Folia na Amazônia: tradição de mais de 150 anos, ‘Carnaval das Águas’ reúne brincantes fantasiados em barcos pelos rios do nordeste do Pará

No coração da Amazônia paraense, a passarela do samba navega pelos imensos rios de água doce. Em cima de embarcações, brincantes multicoloridos fazem fanfarras em uma folia que se espraia por diversas comunidades da região de Cametá, no nordeste do Pará. Conhecido como “Carnaval das Águas”, o espetáculo mistura cordões de mascarados, blocos e grupos folclóricos que percorrem o rio Tocantins no mês de fevereiro.

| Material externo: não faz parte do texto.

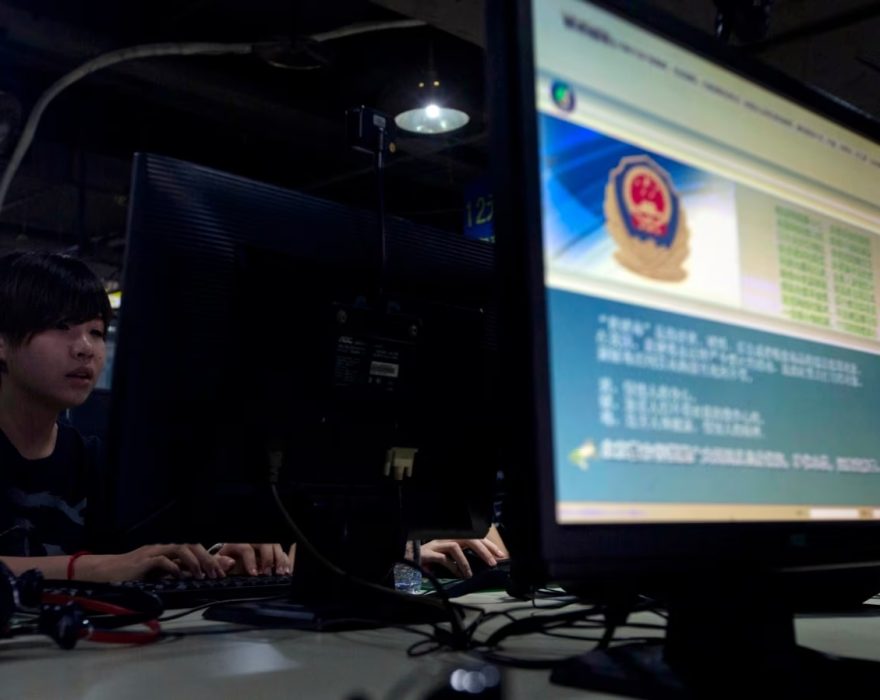 Computer users sit near a monitor display with a message from the Chinese police on the proper use of the Internet at an Internet cafe in Beijing, China. (Photo: AFP/VOA)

O traslado tem mais de 150 anos e revela a singularidade da folia criada pelos povos da floresta: se na vastidão amazônica, o rio é a rua, o barco faz às vezes de carro alegórico. E para embalar a festa, ritmos típicos da região, como o samba de cacete e o banguê — sonoridades derivadas da cultura africana e preservadas pelos quilombos do nordeste paraense.

“O ‘Carnaval das Águas’ é uma manifestação centenária que poucas pessoas conhecem. Existem vários grupos e cordões populares que merecem ser descobertos e estudados”, declara o pesquisador Renan Souza D’Oliveira, da Universidade Federal do Pará.

Não há locais fixos para as apresentações, e onde houver um trapiche, os barcos aportam para levar a alegria do Carnaval. Uma das principais características do evento são os grupos que organizam, produzem e criam suas próprias fantasias e canções.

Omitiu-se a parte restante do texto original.